Consumer prices in the small South American country rose 8.14 percent in the 12 months through April, far outside the country's official annual target range of 4 to 6 percent.
"It is the main macroeconomic problem of Uruguay," Astori told the Reuters Latin America Investment Summit. "But we cannot be distracted at all, we have to keep the target range between 4 and 6 percent, and that's what we're doing"
The economy grew 3.9 percent in 2012 after rising 6.5 percent in 2011. Despite slower growth, consumer prices remain a concern for policymakers.
The central bank raised its benchmark interest rate by 25 basis points to 9.25 percent in December and then held it there in March, when it raised marginal reserve requirements on local and foreign currency deposits.

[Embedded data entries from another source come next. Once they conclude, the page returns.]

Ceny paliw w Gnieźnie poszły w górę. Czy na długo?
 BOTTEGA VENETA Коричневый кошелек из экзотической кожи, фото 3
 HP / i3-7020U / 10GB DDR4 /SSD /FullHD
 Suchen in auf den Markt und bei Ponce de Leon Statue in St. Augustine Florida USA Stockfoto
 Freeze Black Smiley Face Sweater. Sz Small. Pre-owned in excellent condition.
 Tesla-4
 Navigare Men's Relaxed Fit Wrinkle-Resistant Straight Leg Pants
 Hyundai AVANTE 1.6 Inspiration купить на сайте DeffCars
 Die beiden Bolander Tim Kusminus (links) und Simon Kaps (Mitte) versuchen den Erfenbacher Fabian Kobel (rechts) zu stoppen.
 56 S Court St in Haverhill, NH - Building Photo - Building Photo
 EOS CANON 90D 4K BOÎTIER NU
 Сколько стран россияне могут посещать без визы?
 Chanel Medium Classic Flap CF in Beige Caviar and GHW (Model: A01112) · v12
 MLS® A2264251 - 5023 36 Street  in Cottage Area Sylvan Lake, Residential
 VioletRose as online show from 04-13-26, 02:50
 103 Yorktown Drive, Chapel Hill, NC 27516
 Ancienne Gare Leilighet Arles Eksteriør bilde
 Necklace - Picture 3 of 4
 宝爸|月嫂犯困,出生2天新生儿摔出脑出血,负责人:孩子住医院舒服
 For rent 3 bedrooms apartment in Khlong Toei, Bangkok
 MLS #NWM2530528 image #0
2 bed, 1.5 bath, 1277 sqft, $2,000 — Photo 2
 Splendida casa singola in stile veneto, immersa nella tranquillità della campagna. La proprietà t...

Banks in the country have to abide by a marginal reserve requirement of 25 percent for deposits in Uruguayan pesos, up from an earlier 20 percent. The requirement for foreign currency rose at the start of April to 45 percent from 40 percent.
"We do not have any planned policy changes on the table, but we will be monitoring developments," Astori said. "We trust in the sustainability of the measures we are taking and believe they will give positive results over time."
Uruguay's marginal reserve requirements refers to the growth of deposits since April 2011, when the central bank introduced the scheme to expand its monetary policy tools.